The Hand of God review - Sorrentino's unsentimental education | reviews, news & interviews
The Hand of God review - Sorrentino's unsentimental education
The Hand of God review - Sorrentino's unsentimental education
Maradona, sex, cinema and loss in a gorgeously marshalled coming-of-age masterpiece
“It was the hand of God,” says the Neapolitan family patriarch about a rather unexpected consequence of Maradona's coming to play for the city’s team. That gives us a date, 1984, and, while the adolescent protagonist Fabietto remains in Naples, a fleeting sense of time and place.
Paolo Sorrentino never resorts to the dully realistic or overdoes the period detail, though. This location for a transfigured autobiography is rarely the noisy, vivacious place which brands itself on the memory in most books, films or touristic experience. At the start of a film graced throughout by Daria D'Antonio's note-perfect cinematography, the camera tracks across the Bay of Naples to the seafront and a vintage car containing an unlikely personification of San Gennaro; is this, and the manifestation of the Little Monk who grants fertility (pictured below), all fantasy in the mind of the beautiful woman who turns out to be Fabietto’s aunt?

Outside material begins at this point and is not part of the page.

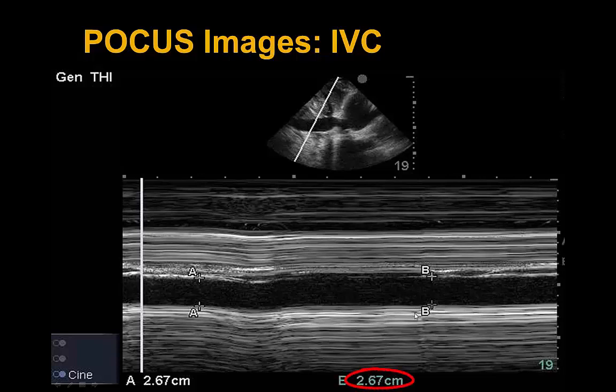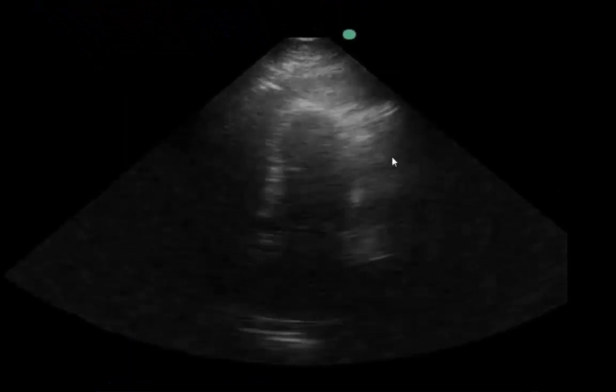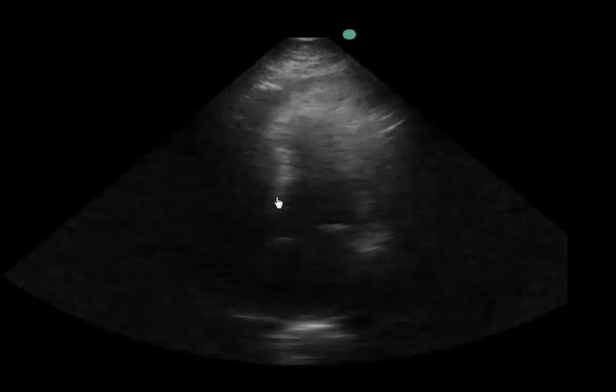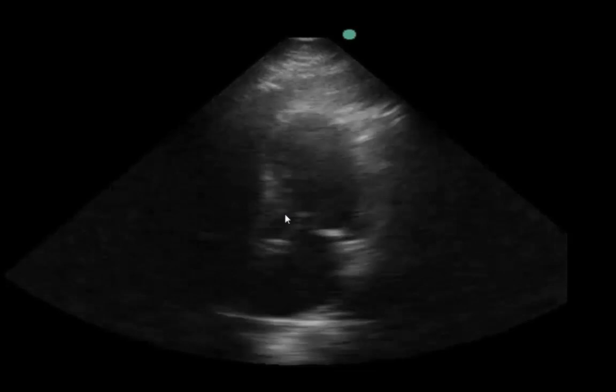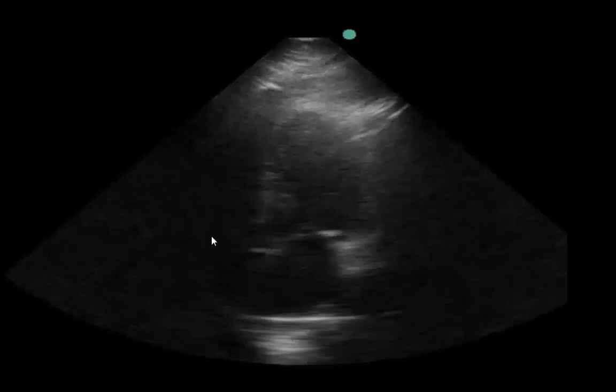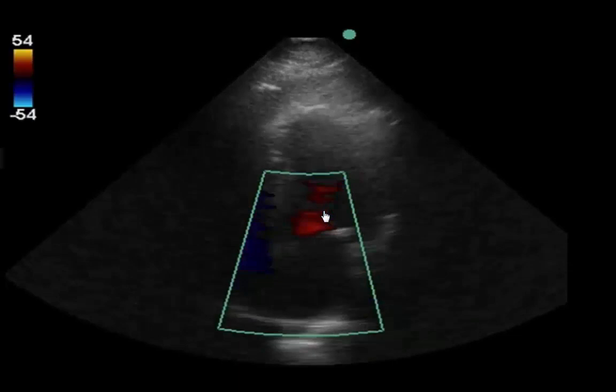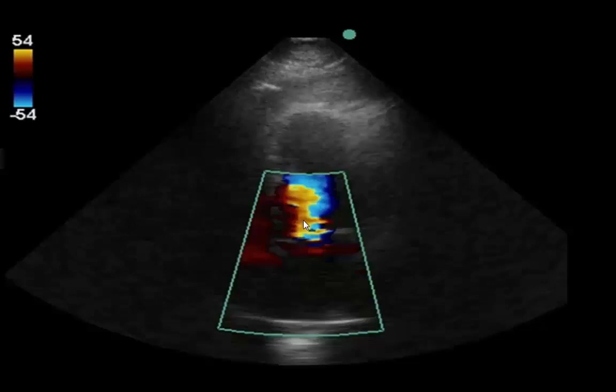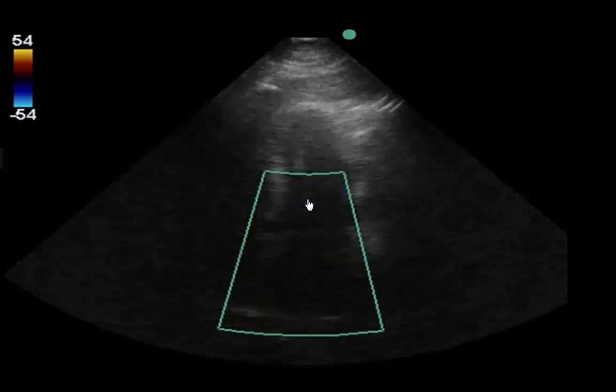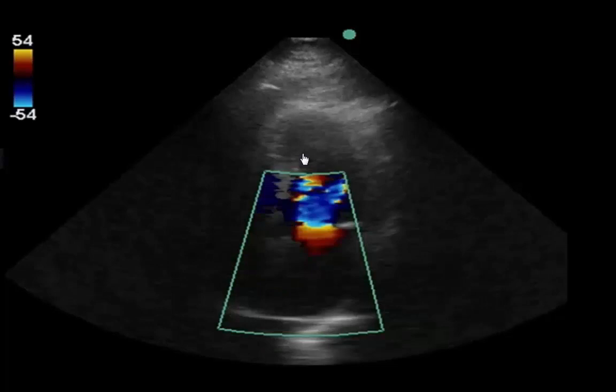Moving to the apical views, the left ventricle still appears hyperdynamic. We have a fleeting apical 4- to 5-chamber view with a look at the aortic valve and LVOT. The RV is not well seen here but was confirmed hyperdynamic in subcostal view. Throwing color across shows significant aliasing within the ventricle indicating high flows. There is no aortic insufficiency and no obvious MR in these views, though MR was seen in other views.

The fact that it’s not accompanied by the usual film music sharpens our senses. Indeed, Leno Marchitelli's score is kept to a minmum: a melancholy cello only giides into earshot at the half-hour mark, and the other musical manifestations are limited to six other short bursts and the song for the final credits as our protagonist, now Fabio, puts his headphones on as the train heads for Rome. At first the fragments of memory are a dazzling series of cinematographic tesserae, including observations of a mostly happy family and a number of Fellini grotesques – literally so when Fabietto’s brother goes to a screen test of 4000 or so types auditioning for the great director. This, of course, Is Sorrentino’s version of Amarcord, but the moments of exuberance, big breasts and large ladies are overshadowed by an underlying melancholy and the hand of tragedy halfway through. The shock – no spoilers – is accentuated by the long scene we interpret as one of the most touching tenderness just before it.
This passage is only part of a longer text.